Pur non trovandoci di fronte a chissà quale rivelazione, si rimane piacevolmente colpiti dal terzetto veronese, frutto di un’hard’n’roll stradaiolo capace di alcuni spunti davvero interessanti. “Global Revolution” risente forse anche troppo di certe sonorità 70/80, proponendoci dodici brani suonati da musicisti tutt’altro che sprovveduti, con in evidenza la prova positiva del cantante e chitarrista Loris Marchiori che, appoggiato dalla precisa e potente sezione ritmica composta da Alberto Bianchi (basso) e Martino Pighi (batteria), riescono ad attirare l’attenzione con una manciata di song di buona fattura.

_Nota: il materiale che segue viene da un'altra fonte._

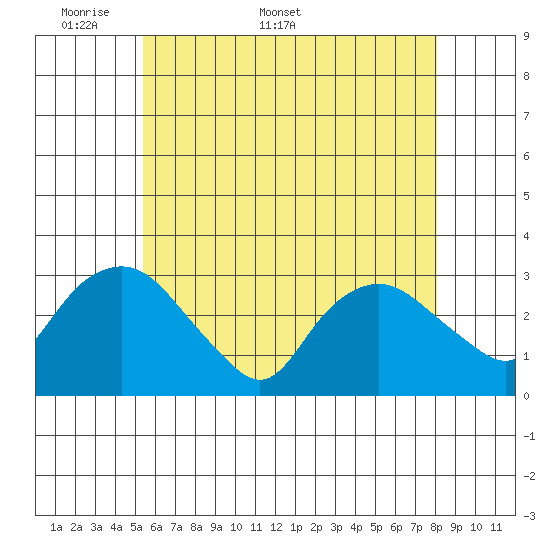 Tide chart for Essex CT on 2025/05/19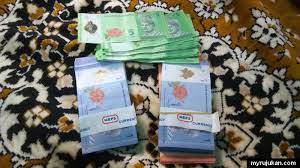 Of india recognized startup yourshell (lofty ventures pvt. Pengalaman Kawan Tukar Duit Raya Di Bank Myrujukan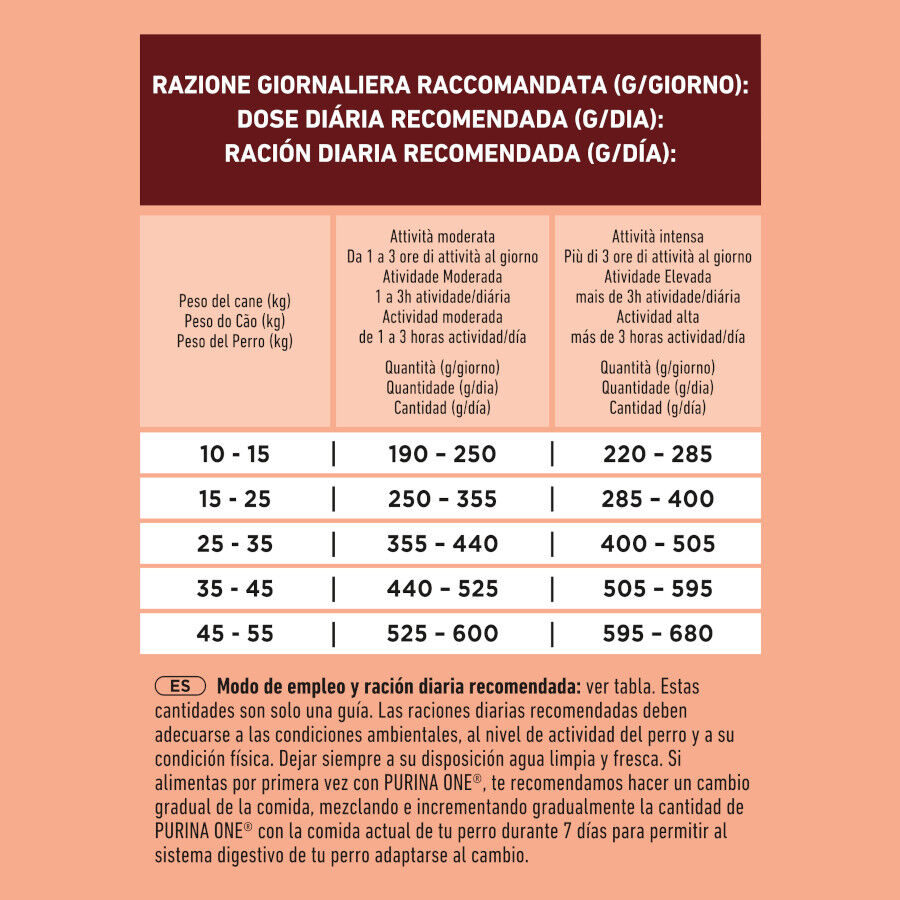 7 kg Purina One Active Pienso Pollo para perros, , large Imagem n&uacute;mero 3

Prima di tutte la title-track, un selvaggio street rock and roll che mi ha portato in mente un mix tra Junkyard e Dirty Looks, pollice in su anche per “Go To Gay Pride” dai medesimi riferimenti sonori, buona anche “Her Love Is Stronger Than My Pain”, class rock a stelle e strisce che se fosse uscita 25 anni fa America, avrebbe fatto sfracelli.
Potrei fare lo stesso discorso per le due power ballad, “Angel” e “Priscilla”, tutte e due valide, ma un gradino sopra quest’ultima che sembra più originale. “Sweet Lady” paga il tributo ai Led Zeppelin, mentre “It’s Alright” e “Burn”, pur avendo un buon tiro, non riescono a convinerce al 100% per via di un chorus poco efficace, stesso discorso per “Take Me Home”, che inizialmente mi ha ricordato gli Stampede Queen.
Un tantino di coraggio in più non guasterebbe, ma come inizio é soddisfacente, mi aspetto grandi cose per il futuro.